» Exercise brief:
Repeat each record exactly as written, and drop any images.

» Data for review:

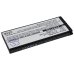 Baterie do konsoli do gier Nintendo DSi XL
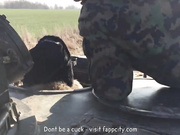 Fun Videos - Full of Randomness!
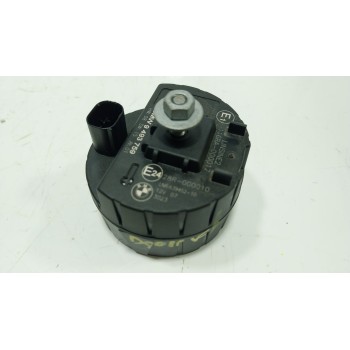 MODULO ELECTRONICO 65759493759 9493759 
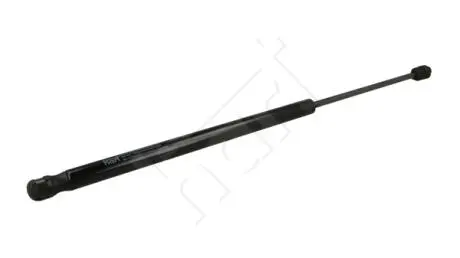 Амортизатор багажника Skoda Octavia HB 500/ 495MM Hart 813 987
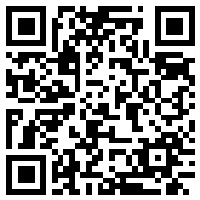 QR Code for bitcoin:bitcoin:3Pb1nnGRB9cjunR8mxCSruj8csrQSquxwf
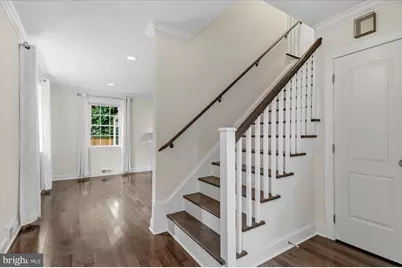 9616 W Bexhill Drive, Kensington, MD 20895 - Photo 5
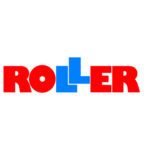 ROLLER coupon codes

» Result:
 Baterie do konsoli do gier Nintendo DSi XL
 Fun Videos - Full of Randomness!
 MODULO ELECTRONICO 65759493759 9493759 
 Амортизатор багажника Skoda Octavia HB 500/ 495MM Hart 813 987
 QR Code for bitcoin:bitcoin:3Pb1nnGRB9cjunR8mxCSruj8csrQSquxwf
 9616 W Bexhill Drive, Kensington, MD 20895 - Photo 5
 ROLLER coupon codes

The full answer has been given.